# What you need to do
The full listing, returned exactly and free of pictures, is the expected answer.
Information given Start Marker
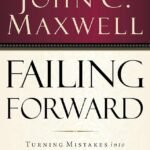 Failing Forward By John C. Maxwell
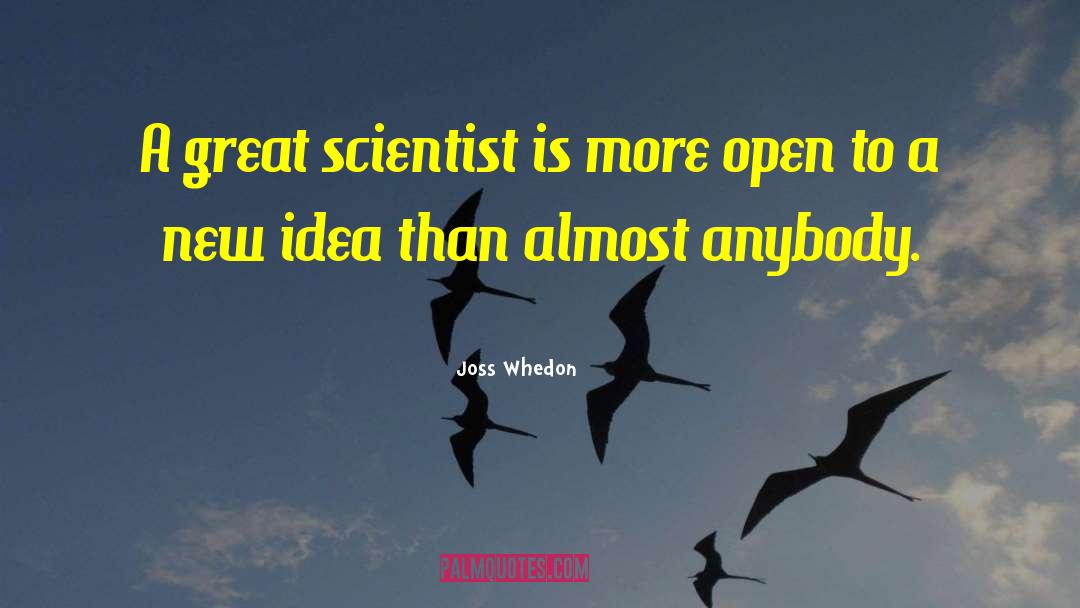 Great Scientist quotes by Joss Whedon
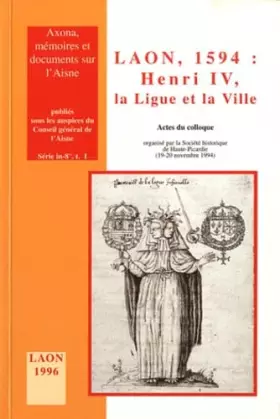 Couverture du produit · Laon, 1594 : Henri IV, la Ligue et la ville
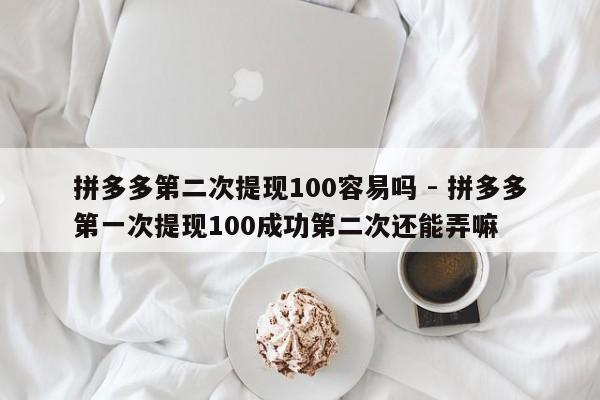拼多多第二次提现100容易吗 - 拼多多第一次提现100成功第二次还能弄嘛-第1张图片-拼多多助力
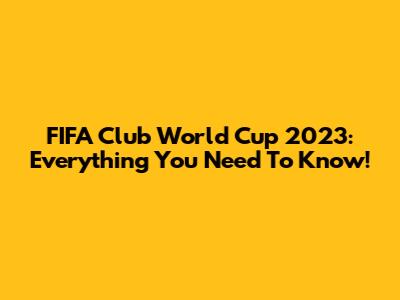 FIFA Club World Cup 2023: Everything You Need To Know!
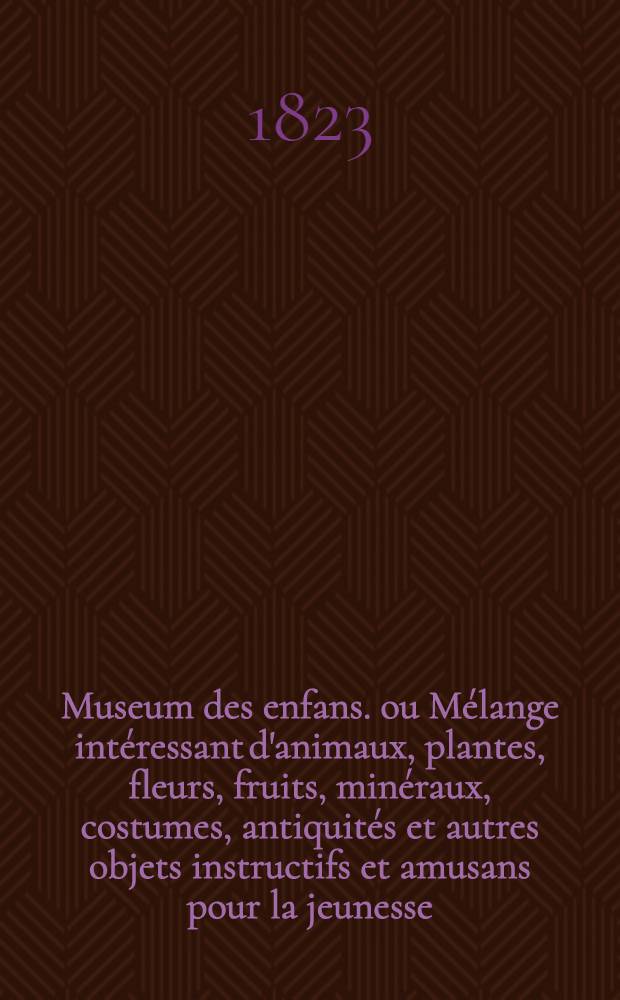 Museum des enfans. ou Mélange intéressant d'animaux, plantes, fleurs, fruits, minéraux, costumes, antiquités et autres objets instructifs et amusans pour la jeunesse, choisis et gravés sur les meilleurs originaux, avec de courtes explications proportionnées à l'entendement d'un enfant. [Ч. 13, кн.] 74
Information given End Marker
# Output of the exercise
 Failing Forward By John C. Maxwell
 Great Scientist quotes by Joss Whedon
 Couverture du produit · Laon, 1594 : Henri IV, la Ligue et la ville
拼多多第二次提现100容易吗 - 拼多多第一次提现100成功第二次还能弄嘛-第1张图片-拼多多助力
 FIFA Club World Cup 2023: Everything You Need To Know!
 Museum des enfans. ou Mélange intéressant d'animaux, plantes, fleurs, fruits, minéraux, costumes, antiquités et autres objets instructifs et amusans pour la jeunesse, choisis et gravés sur les meilleurs originaux, avec de courtes explications proportionnées à l'entendement d'un enfant. [Ч. 13, кн.] 74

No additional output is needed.